How Far Can We See?



Let's say you're standing on the ground looking out on a clear day, you can probably see the horizon that's about three miles away but if you were standing on a mountain or if the earth was flat (which it is not) you could see much farther. On a dark night, on a mountain top you can even see a candle flame flickering up to thirty miles or 50 kilometres away and when you look up at the night sky you can see the distant stars.


How far a person can see depends in part on how many particles of light or photons the object emits. To perceive something a minimum of five to fourteen photons need to hit the backs of your eyeballs at the retina, that's about what would happen with that candle flame thirty miles away. But of course twinkles of light aren't the only thing the eye can see. To see something spatially as opposed to just a speck of light, light from the object needs to stimulate at least two adjacent cones in our eyes. 



These are the cells responsible for our ability to see color.
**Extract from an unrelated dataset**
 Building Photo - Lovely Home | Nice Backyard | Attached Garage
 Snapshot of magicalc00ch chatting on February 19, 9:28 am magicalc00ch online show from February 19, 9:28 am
To stimulate at least two cones that means, light must come from at least two points on an object and the two points need to form an angle of at least one arc minute which is one sixtieth of a degree. The moon is thirty arc minutes across so we can see it clearly. Venus which appears just a dot of light in the night sky is only one arc minute across.


The farthest object visible with the naked eye is the Andromeda galaxy, located an astonishing 2.6 million light-years from Earth. The galaxy's 1 trillion stars collectively emit enough light for a few thousand photons to hit each square centimeter of Earth every second; on a dark night, that's plenty to excite our retinas.